Top of Supplied material

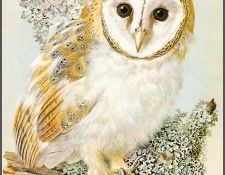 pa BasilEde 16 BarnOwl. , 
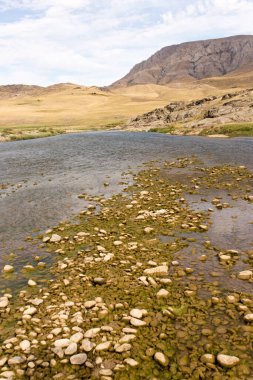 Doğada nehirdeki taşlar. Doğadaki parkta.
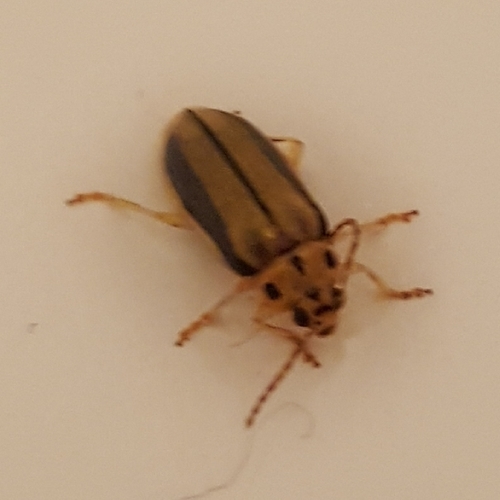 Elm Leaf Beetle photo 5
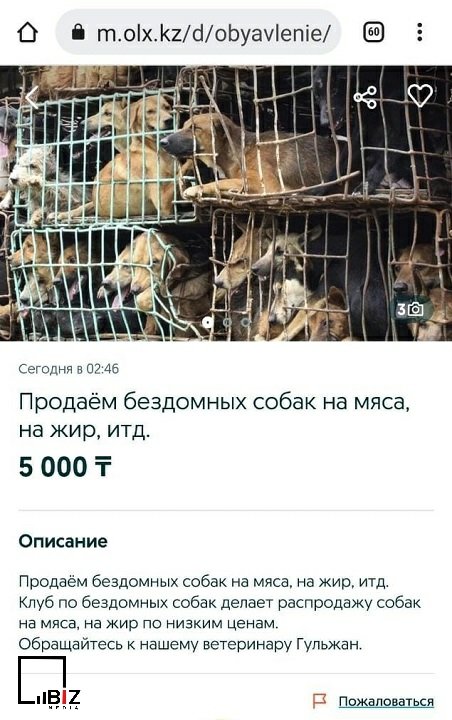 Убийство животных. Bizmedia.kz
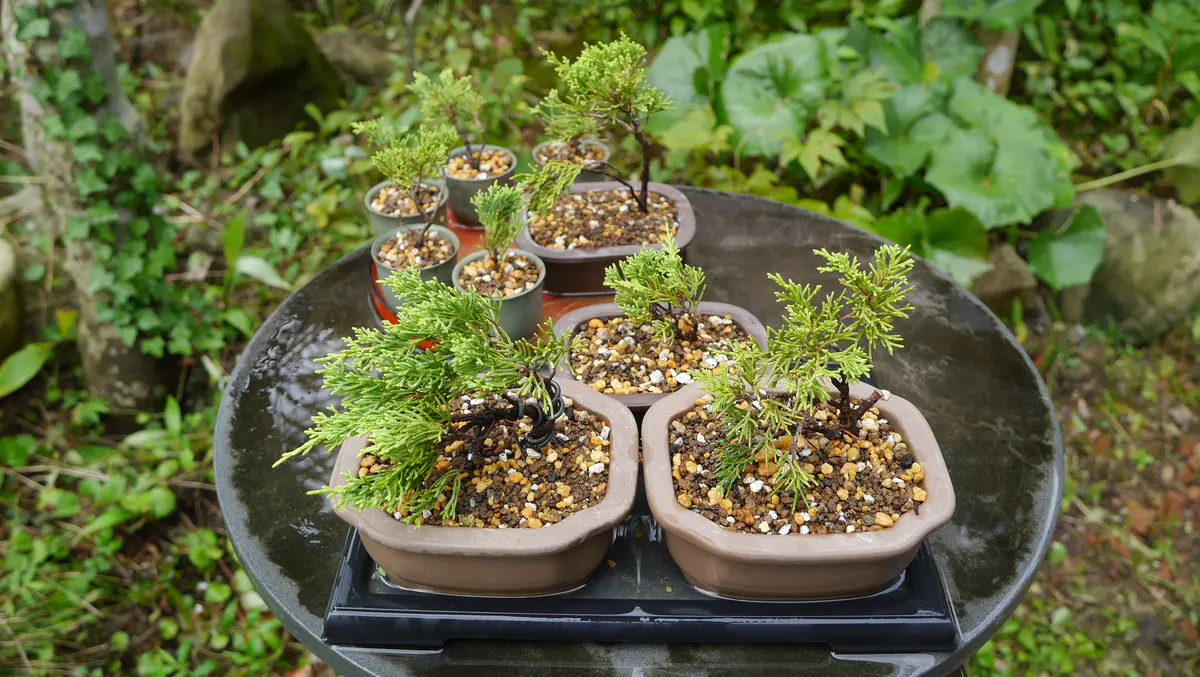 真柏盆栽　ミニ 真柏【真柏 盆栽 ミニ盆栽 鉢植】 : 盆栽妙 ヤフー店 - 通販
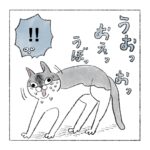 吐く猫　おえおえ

Bottom of Supplied material

## What the task requires
Please transcribe word for word the lines from the one bearing "Elm Leaf Beetle photo 5" through the last line of the records above, omitting the pictures.

## Answer for the task
 Elm Leaf Beetle photo 5
 Убийство животных. Bizmedia.kz
 真柏盆栽　ミニ 真柏【真柏 盆栽 ミニ盆栽 鉢植】 : 盆栽妙 ヤフー店 - 通販
 吐く猫　おえおえ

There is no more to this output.